• Try it:
Every record must be repeated exactly, with no omission.

Exercise materials Block Start

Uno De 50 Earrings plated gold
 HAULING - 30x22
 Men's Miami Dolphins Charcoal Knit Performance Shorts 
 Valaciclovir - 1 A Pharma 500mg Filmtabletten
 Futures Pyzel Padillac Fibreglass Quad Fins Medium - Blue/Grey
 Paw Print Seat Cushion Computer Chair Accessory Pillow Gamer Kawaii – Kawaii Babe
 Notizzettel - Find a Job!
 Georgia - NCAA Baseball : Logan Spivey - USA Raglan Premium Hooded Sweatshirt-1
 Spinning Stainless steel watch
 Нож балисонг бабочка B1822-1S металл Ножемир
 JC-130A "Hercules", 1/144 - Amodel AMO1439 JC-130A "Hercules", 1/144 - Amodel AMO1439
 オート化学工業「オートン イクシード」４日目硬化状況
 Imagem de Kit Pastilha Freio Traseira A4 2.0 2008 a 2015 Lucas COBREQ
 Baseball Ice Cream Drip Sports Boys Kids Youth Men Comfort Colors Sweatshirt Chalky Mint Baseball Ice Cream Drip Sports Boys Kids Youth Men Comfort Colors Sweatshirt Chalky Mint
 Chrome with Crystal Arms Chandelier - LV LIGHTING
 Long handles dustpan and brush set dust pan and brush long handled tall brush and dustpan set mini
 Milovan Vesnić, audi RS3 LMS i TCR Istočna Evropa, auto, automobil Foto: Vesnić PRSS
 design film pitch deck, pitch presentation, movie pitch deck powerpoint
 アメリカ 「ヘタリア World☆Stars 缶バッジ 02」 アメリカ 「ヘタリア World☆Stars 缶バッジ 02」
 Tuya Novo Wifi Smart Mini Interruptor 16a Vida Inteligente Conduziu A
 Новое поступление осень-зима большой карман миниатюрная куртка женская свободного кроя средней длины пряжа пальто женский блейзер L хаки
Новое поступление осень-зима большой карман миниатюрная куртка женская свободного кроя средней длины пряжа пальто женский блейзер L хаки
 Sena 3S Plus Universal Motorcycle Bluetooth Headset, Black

Exercise materials Block End

• The completed task:
Uno De 50 Earrings plated gold
 HAULING - 30x22
 Men's Miami Dolphins Charcoal Knit Performance Shorts 
 Valaciclovir - 1 A Pharma 500mg Filmtabletten
 Futures Pyzel Padillac Fibreglass Quad Fins Medium - Blue/Grey
 Paw Print Seat Cushion Computer Chair Accessory Pillow Gamer Kawaii – Kawaii Babe
 Notizzettel - Find a Job!
 Georgia - NCAA Baseball : Logan Spivey - USA Raglan Premium Hooded Sweatshirt-1
 Spinning Stainless steel watch
 Нож балисонг бабочка B1822-1S металл Ножемир
 JC-130A "Hercules", 1/144 - Amodel AMO1439 JC-130A "Hercules", 1/144 - Amodel AMO1439
 オート化学工業「オートン イクシード」４日目硬化状況
 Imagem de Kit Pastilha Freio Traseira A4 2.0 2008 a 2015 Lucas COBREQ
 Baseball Ice Cream Drip Sports Boys Kids Youth Men Comfort Colors Sweatshirt Chalky Mint Baseball Ice Cream Drip Sports Boys Kids Youth Men Comfort Colors Sweatshirt Chalky Mint
 Chrome with Crystal Arms Chandelier - LV LIGHTING
 Long handles dustpan and brush set dust pan and brush long handled tall brush and dustpan set mini
 Milovan Vesnić, audi RS3 LMS i TCR Istočna Evropa, auto, automobil Foto: Vesnić PRSS
 design film pitch deck, pitch presentation, movie pitch deck powerpoint
 アメリカ 「ヘタリア World☆Stars 缶バッジ 02」 アメリカ 「ヘタリア World☆Stars 缶バッジ 02」
 Tuya Novo Wifi Smart Mini Interruptor 16a Vida Inteligente Conduziu A
 Новое поступление осень-зима большой карман миниатюрная куртка женская свободного кроя средней длины пряжа пальто женский блейзер L хаки
Новое поступление осень-зима большой карман миниатюрная куртка женская свободного кроя средней длины пряжа пальто женский блейзер L хаки
 Sena 3S Plus Universal Motorcycle Bluetooth Headset, Black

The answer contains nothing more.